The importance of maintaining skeletal health

In addition to its role in providing structural support for the body, the skeletal system also plays a vital role in protecting organs and producing blood cells.

It is important to maintain skeletal health throughout one’s life to prevent injuries and illnesses such as osteoporosis, a condition in which bones become brittle and fragile.

Maintaining skeletal health involves engaging in weight-bearing exercises, consuming adequate amounts of calcium and vitamin D, and avoiding smoking and excessive alcohol consumption.

Proper posture and body mechanics also play a role in preventing skeletal injuries.


The human skeletal system is a complex structure that plays a crucial role in the functioning of the body.
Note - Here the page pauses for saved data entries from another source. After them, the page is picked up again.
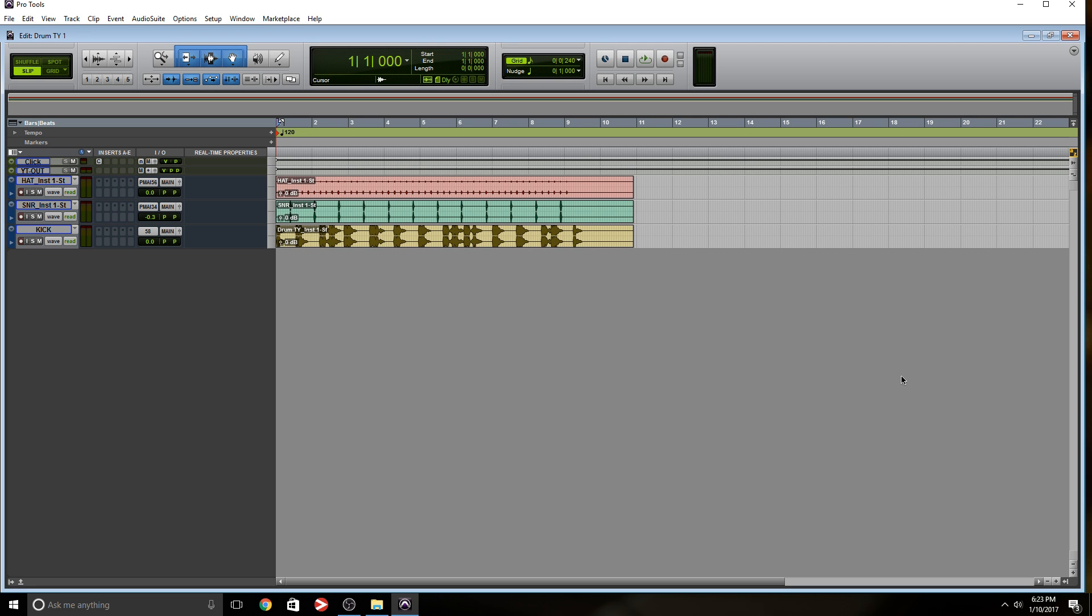How are you guys doing? This is Ray. And in this video, I want to talk about a session that wasn't recorded with a click track. We don't know the tempo, and I'm going to show you how to deal with this problem.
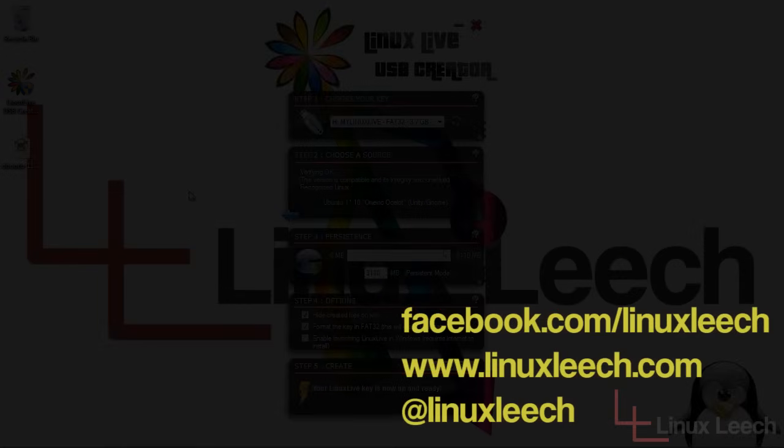So that's the end of that tutorial. Thanks for watching. Don't forget to subscribe. You can also follow Linux Leech on Facebook and Twitter. Details on the screen now. Show notes are available as always at linuxleech.com. Thanks again and goodbye.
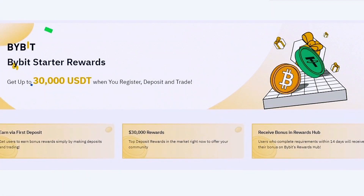Bybit — the crypto exchange everyone's talking about. Imagine earning up to $30,000 USD in deposit rewards, enjoying zero maker fees for the first 30 days, and trading with the lowest present fees in the market. Bybit is among the top three global crypto exchanges. Click the link below and dive into the action — every trader needs to be on Bybit. Let's make those trades count together.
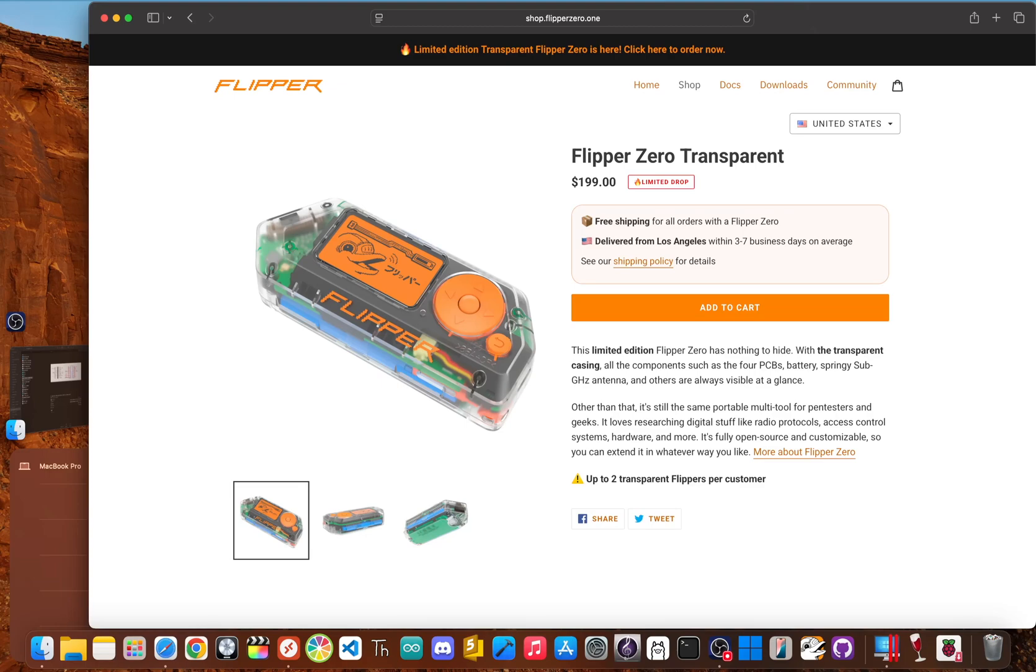So the price of the Flipper Zero recently bumped up to $199. Before you can even think about putting out your wallet for what everyone calls the ultimate hacker gadget, we need to have a little chat.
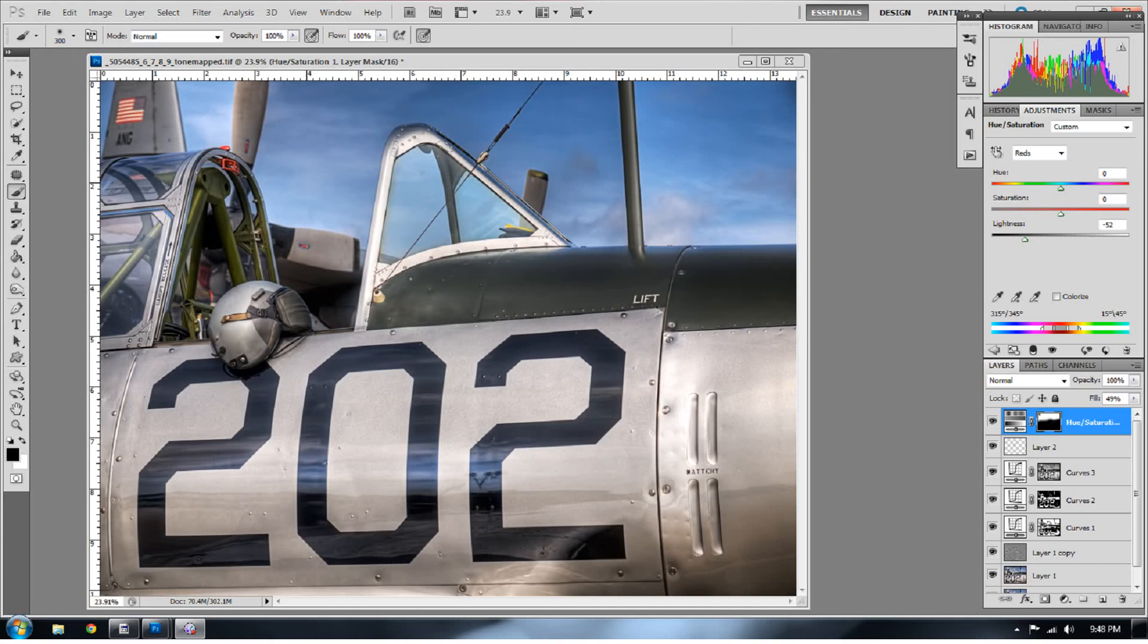Hello, welcome to EverydayHDR.com. I am Blake Rudis and today I'm going to talk about dodging and burning with a purpose.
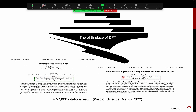Professor Lu Sham is still a professor at UCSD. As of March 2022, both of these papers already have more than 57,000 citations each.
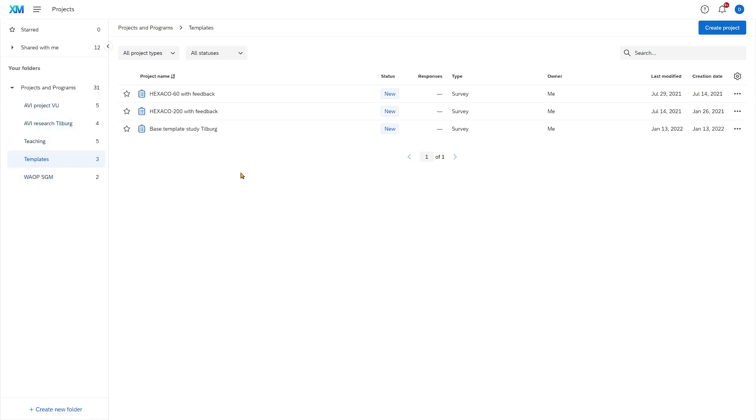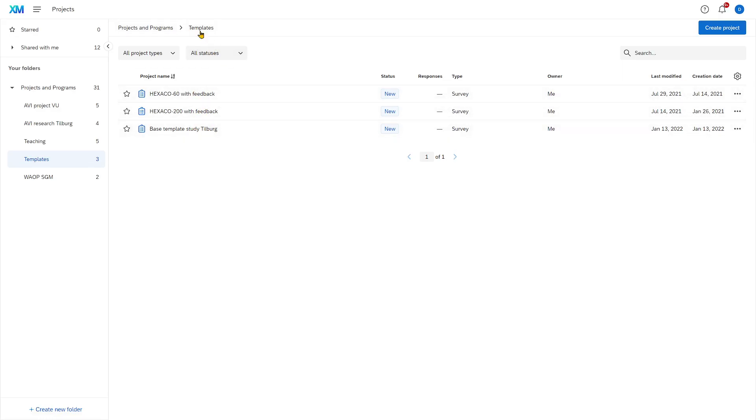You may not have a need for these folders but you can always have a look at them and create them if you are managing a lot of surveys. Here in this folder you can see that I have three surveys and this is my templates folder.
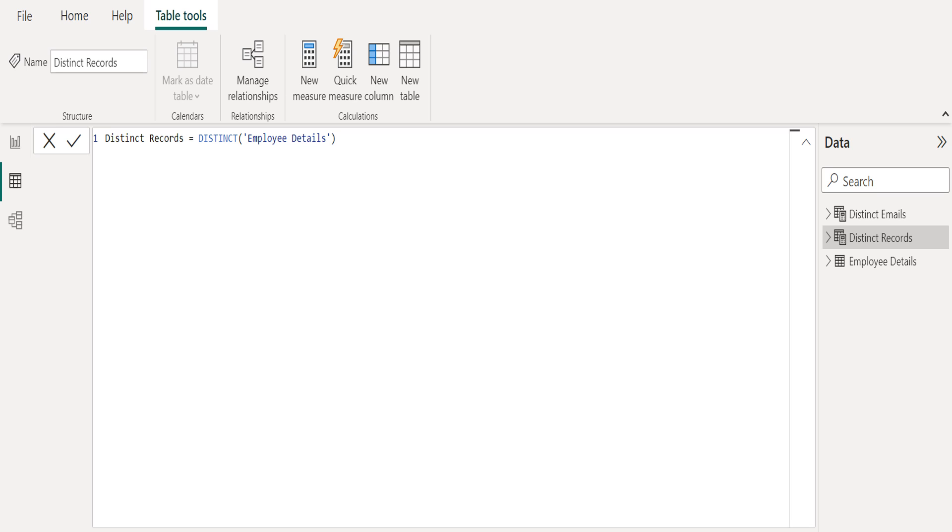We use distinct DAX function which returns a table by removing duplicate rows from another table or expression. We select employee details table to filter distinct or unique values from a table.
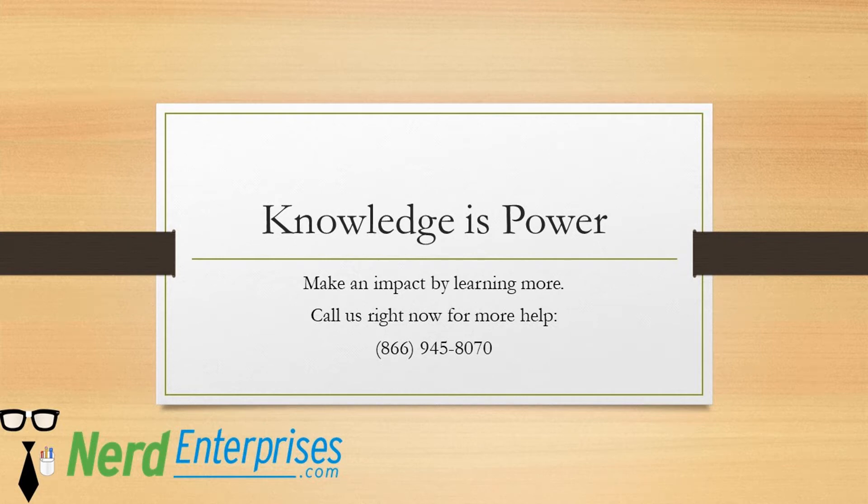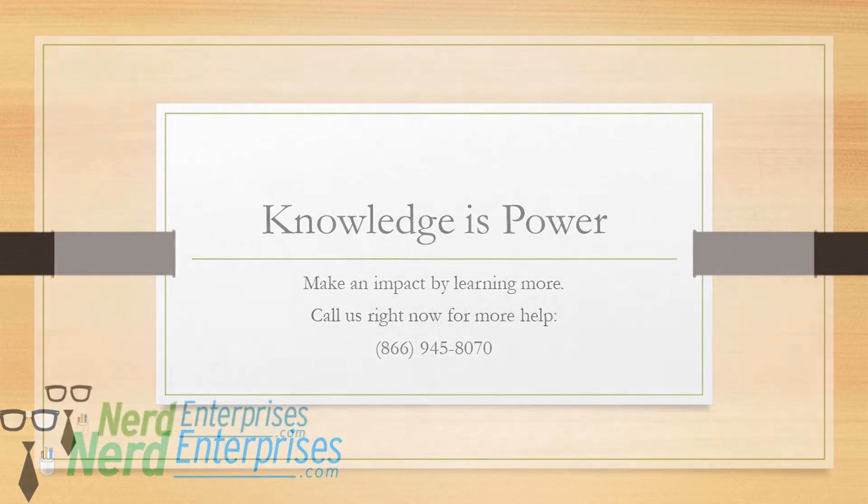Make an impact by learning more. Call us right now for more help at 866-945-8070.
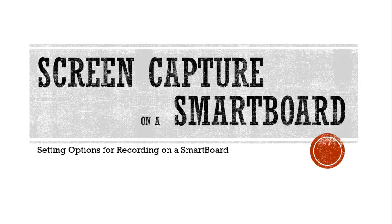One of the features of the SMART Notebook software on your SMART board is the ability to record the screen or screen capture. Today we're going to look at how to record and a few settings you might want to change.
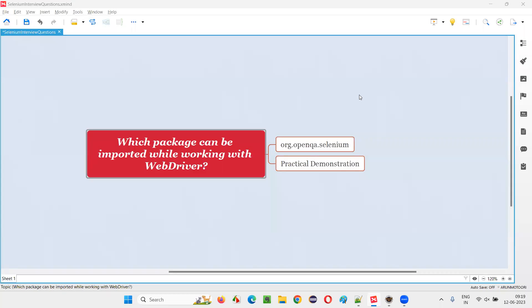Hello all. Welcome to this session. In this session, I am going to answer one of the Selenium interview questions. That is, which package can be imported while working with WebDriver?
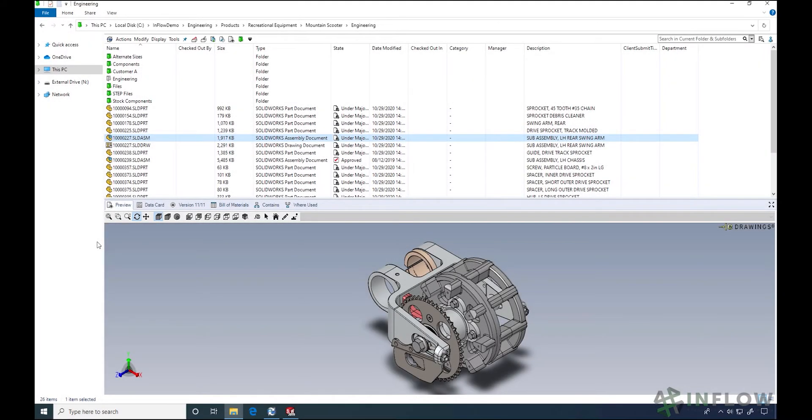Welcome back to Inflow Technologies Day in the Life PDM User Series. I'm Nick Sweeney and today let's talk about checking files in and out with SolidWorks PDM.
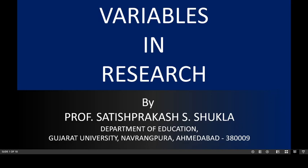Dear friends, students and scholars, I am Professor Sathis Prakash Ashukla, working as a professor in the Department of Education, Gujarat University, Ahmedabad, India.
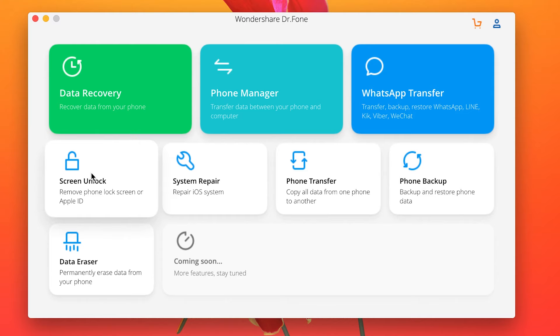Now the steps to getting this done would include downloading the Doctophone software for your Windows PC, your computer, and have the installation run on your PC. I have a link to the software in the description below for both Macs and Windows. Once installed, run the app on your computer and select the Screen Unlock option from the host of options provided.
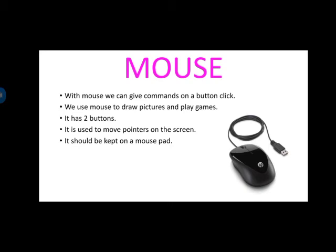It is used to move pointers on the screen. तो screen में कहीं भी जाने के लिए, pointers लगाने के लिए, move करने के लिए, we use mouse. And it should be kept on mouse pad. And we really need to be careful about keeping our parts of computer. They should be clean. Dust होगा, तो ये खराब हो जाते हैं.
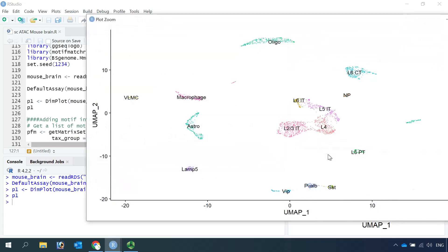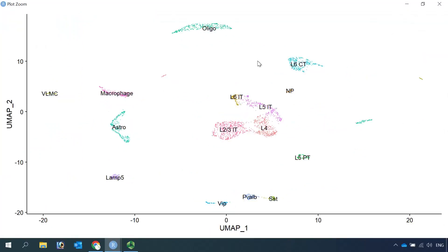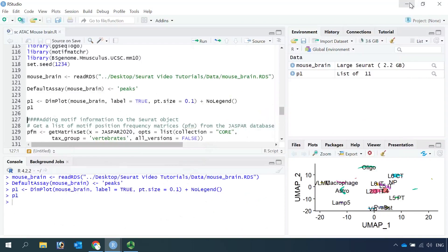Then we can have a look at the cell clusters in this object. Let's zoom in. You can see we have cell clusters for different neuronal populations. We have oligodendrocyte, astrocyte, and microglia/macrophages. So you can see our analyzed Seurat object.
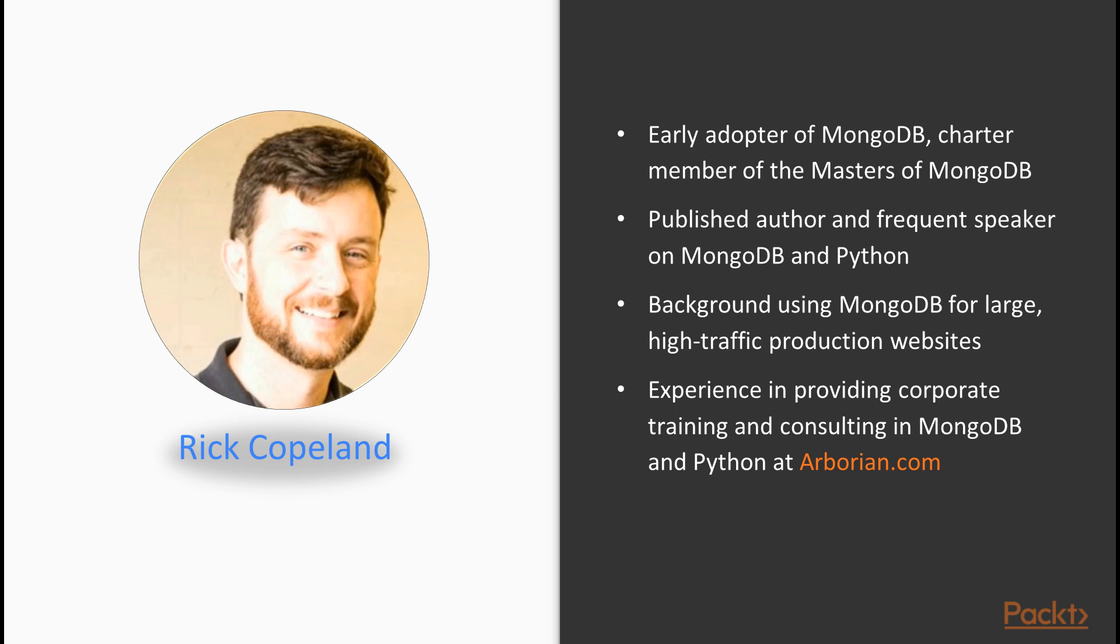I've been published both on Python and MongoDB, and I'm a frequent speaker at various conferences and user groups on both topics. My background is I have used MongoDB for large, high-traffic production websites, so this is knowledge that has been gained in the trenches, as it were, not just things that I've learned from books.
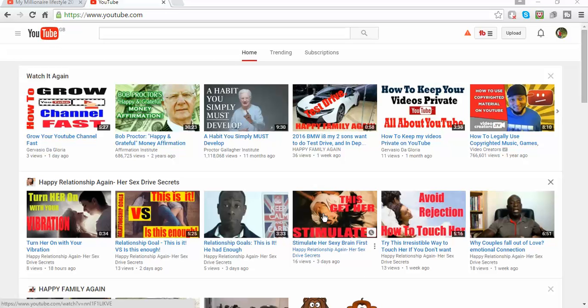Hello and welcome to my YouTube page all about YouTube. My name is Travis DeGloria and in this video I'm about to show you how to change your channel name.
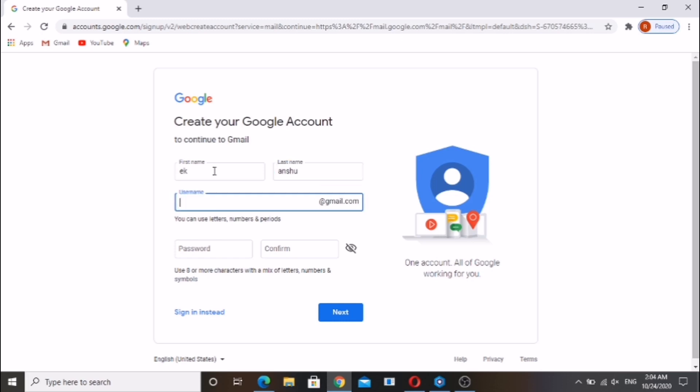Enter the username that you want to use for your Gmail account. It should be unique.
Divided into the axial and appendicular skeletons, it consists of various bones that provide structural support, protect organs, and produce blood cells.

Understanding the anatomy of the skeletal system is important for medical professionals, athletic trainers, and anyone interested in maintaining skeletal health.

The military and navy use training manuals such as NAVEDTRA’s Hospital Corpsman Manual to teach corpsmen about the skeletal system, which is crucial in providing proper medical care for injured soldiers and sailors.